Similarly—as our group's itinerary demonstrated--more and more university and extension researchers have begun working on organic topics, which should enable them to better address the needs of the country's organic farmers as time goes on. Critical production needs cited by researchers include achieving more consistent quality through pest management and variety selection and addressing soil fertility needs in areas where few livestock are kept.

Looking to the future

With production having expanded so fast, the consensus among observers of the organic scene in Italy is that the focus now should be on developing organic markets, both domestically and abroad. As University of Padua researcher Paolo Sambo puts it, "We have good organic farmers—what we need now is more good organic marketers, we need to discover more markets, to convince more people to buy organic, to sell more to northern Europe."

In some respects, Italy's strong food traditions may militate against the development of domestic organic markets. The existence of vital, diverse, regular street markets, for instance, may make it more difficult to establish producer-only farmers' markets or CSA-type arrangement whereby organic growers can capture the full value of the retail dollar. Similarly, Italy has some of the strictest rules in the world regarding chemical residues on fruits and vegetables, so many consumers perceive low risks of chemical contamination on conventional produce.

Nevertheless, the value of the Italian organic market reached €1.4 billion in 2003, and it continues to rise fast. In the past five years all of the nation's major supermarket chains—including Coop, Esselunga, Giesse, Pam—have launched private-label organic product lines. The food service sector has also been discovering organics, with a large number of schools, universities, and business lunchrooms offering organic menus.

One of our last stops in Sicily was an organic grocery store in downtown Catania, a city of about 300,000 people on the eastern coast. Supermercato Biò opened its doors in 2001, and has been so successful its owners recently established a second location in another part of town.
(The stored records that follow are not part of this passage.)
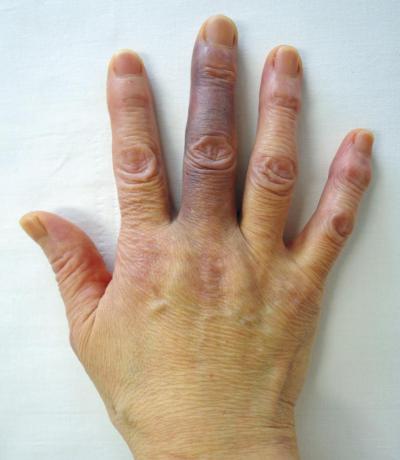 Посинение пальцев рук - причины и признаки, лечение и диагностика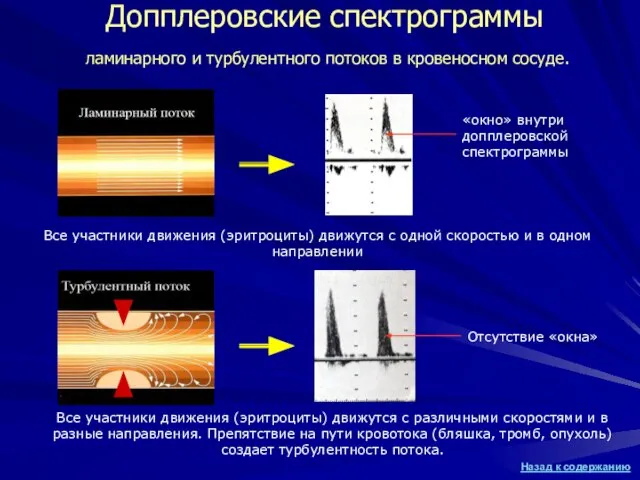 Допплеровские спектрограммы ламинарного и турбулентного потоков в кровеносном сосуде. «окно» внутри допплеровской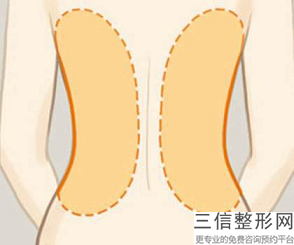 溶脂針減肥瘦身的效果怎么樣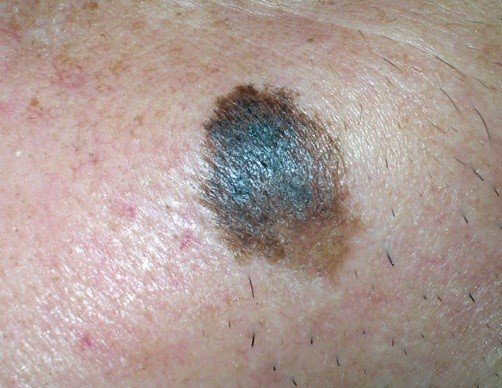 Рак кожи: симптомы, диагностика и лечение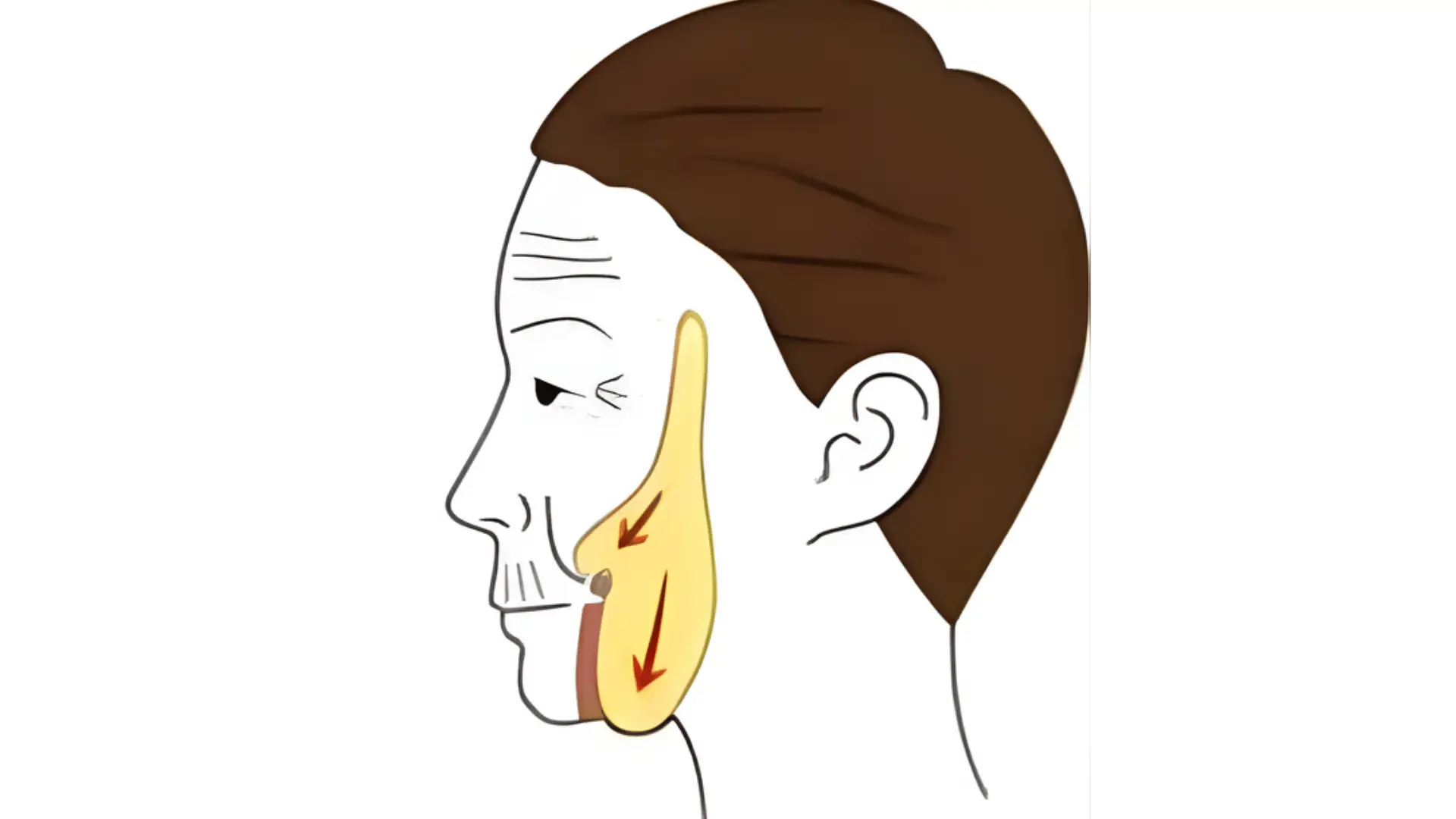 Side profile illustration showing cheek fat pad anatomy with directional arrows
Unlike many stores of its type in the U.S., Biò carries exclusively organic foods. Moreover, 95 percent of what's in the store is grown or raised in Italy. "That is the logic of organics," store manager Sara Iocco tells us, through a translator. "First we try to source as much as possible from within Sicilia. Then we move to southern Italy, then northern Italy, then the rest of Europe, then beyond."

Shops like Biò are heavily engaged in reaching out to consumers to convince them of the benefits of buying and eating organic. As such, it may be one of the most promising signs of Italy's organic future.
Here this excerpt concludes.